The response should contain only the line with "Devotees Crowd At" and every line after it to the end of the listing below, duplicated exactly; no picture belongs in it.
== == ==
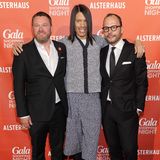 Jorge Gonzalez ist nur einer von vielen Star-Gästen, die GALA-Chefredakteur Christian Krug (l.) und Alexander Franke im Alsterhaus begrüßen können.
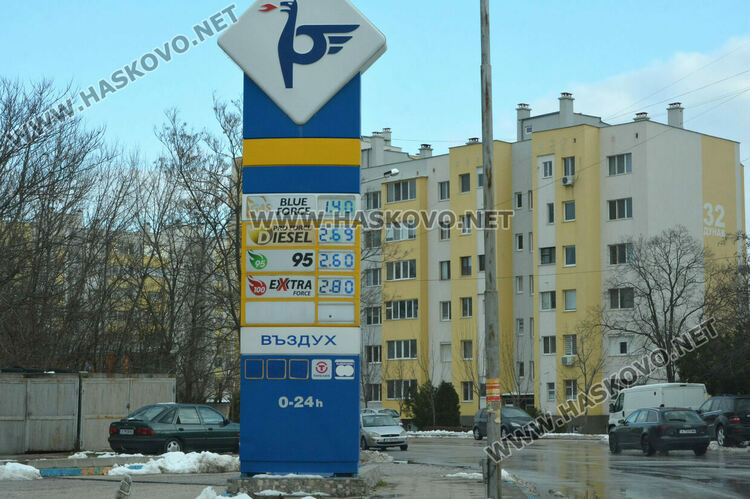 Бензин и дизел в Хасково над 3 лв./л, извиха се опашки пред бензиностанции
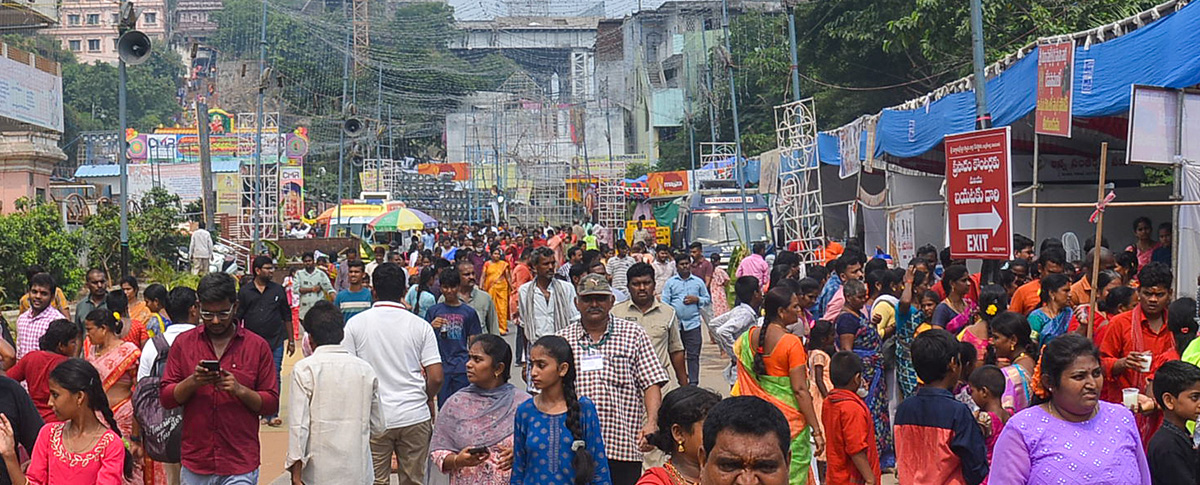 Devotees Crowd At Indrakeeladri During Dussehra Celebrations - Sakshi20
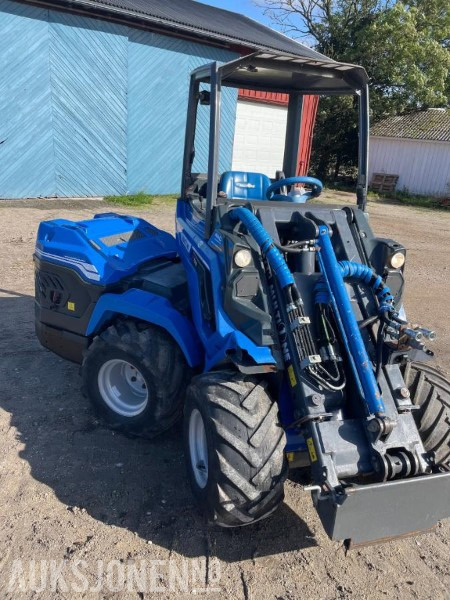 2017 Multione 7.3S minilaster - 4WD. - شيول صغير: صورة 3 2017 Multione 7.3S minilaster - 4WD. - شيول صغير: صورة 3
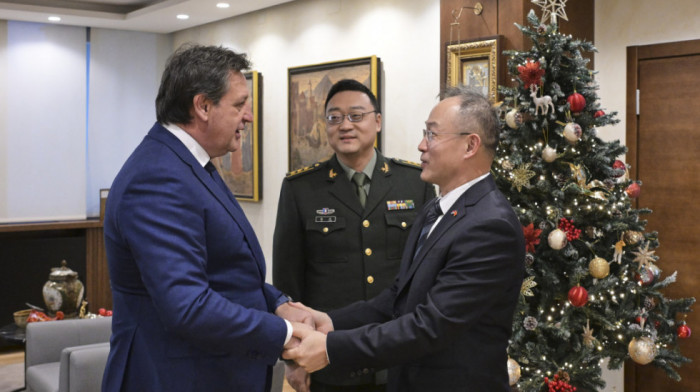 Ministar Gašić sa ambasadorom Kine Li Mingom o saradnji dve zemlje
== == ==
▶ **TASK ANSWER**
 Devotees Crowd At Indrakeeladri During Dussehra Celebrations - Sakshi20
 2017 Multione 7.3S minilaster - 4WD. - شيول صغير: صورة 3 2017 Multione 7.3S minilaster - 4WD. - شيول صغير: صورة 3
 Ministar Gašić sa ambasadorom Kine Li Mingom o saradnji dve zemlje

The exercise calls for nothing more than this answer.